Required action ▸ Of the lines in the material below, print only those from the one containing "What's up, guys?" to the one containing "Alright guys, let's", ends included, exactly as written and without pictures.

Input material ▸
=== Begin Enclosure ===

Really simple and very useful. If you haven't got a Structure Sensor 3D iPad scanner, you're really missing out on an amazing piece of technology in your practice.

=== End Enclosure ===
=== Begin Enclosure ===

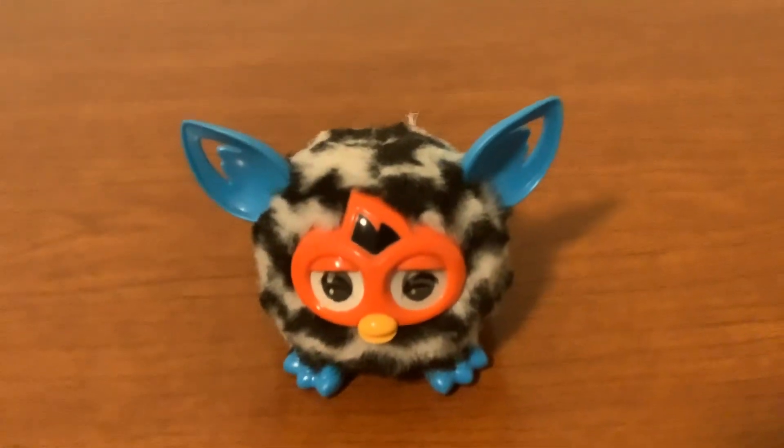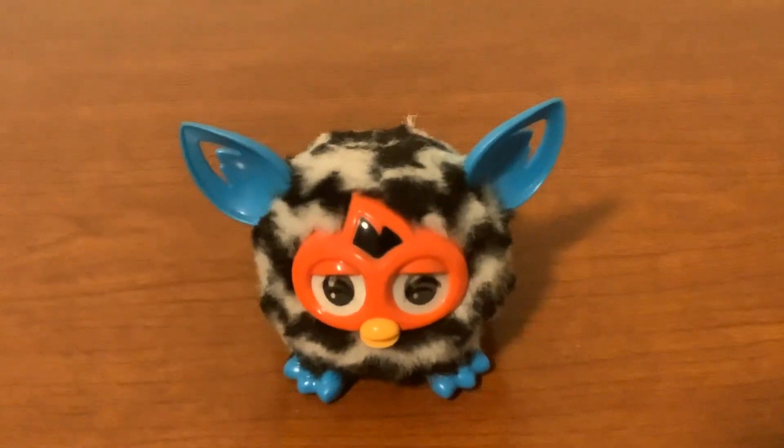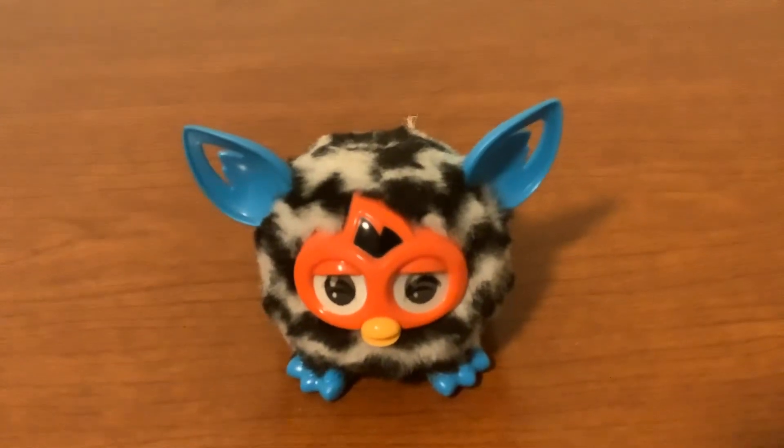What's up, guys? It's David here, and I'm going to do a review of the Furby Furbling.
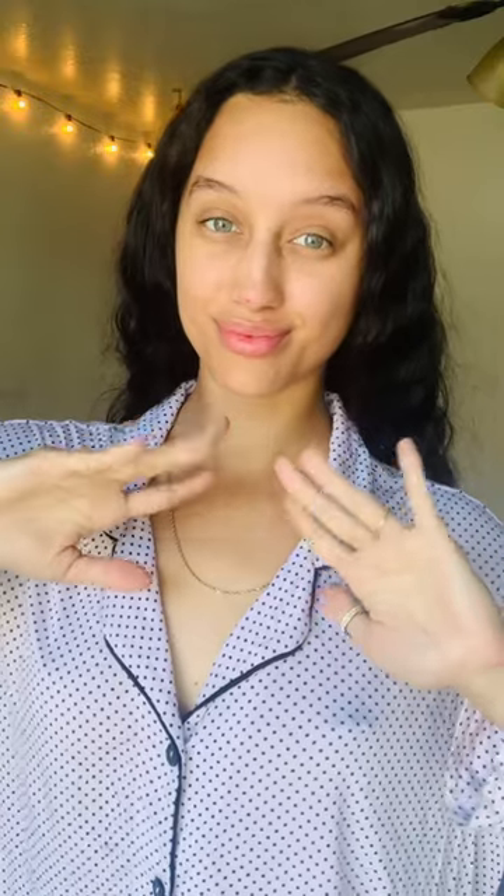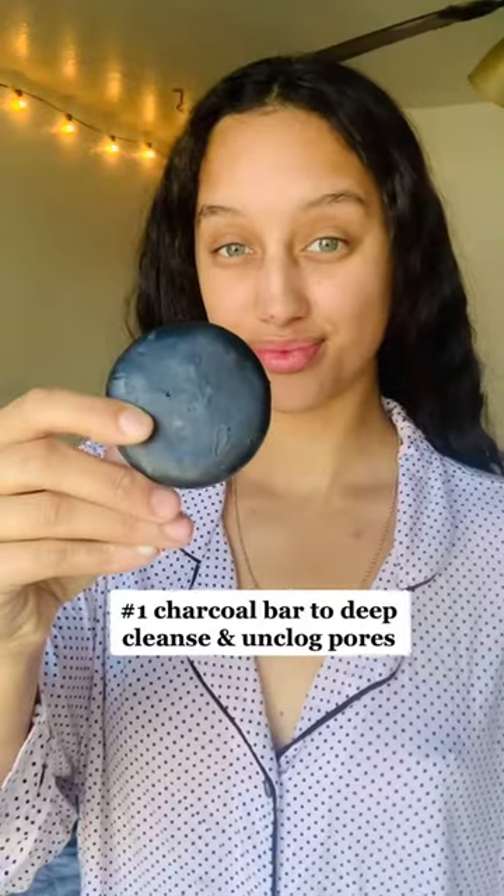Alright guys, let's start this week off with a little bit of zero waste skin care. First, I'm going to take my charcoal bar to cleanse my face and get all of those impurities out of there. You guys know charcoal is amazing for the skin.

=== End Enclosure ===

Task output ▸
What's up, guys? It's David here, and I'm going to do a review of the Furby Furbling.
Alright guys, let's start this week off with a little bit of zero waste skin care. First, I'm going to take my charcoal bar to cleanse my face and get all of those impurities out of there. You guys know charcoal is amazing for the skin.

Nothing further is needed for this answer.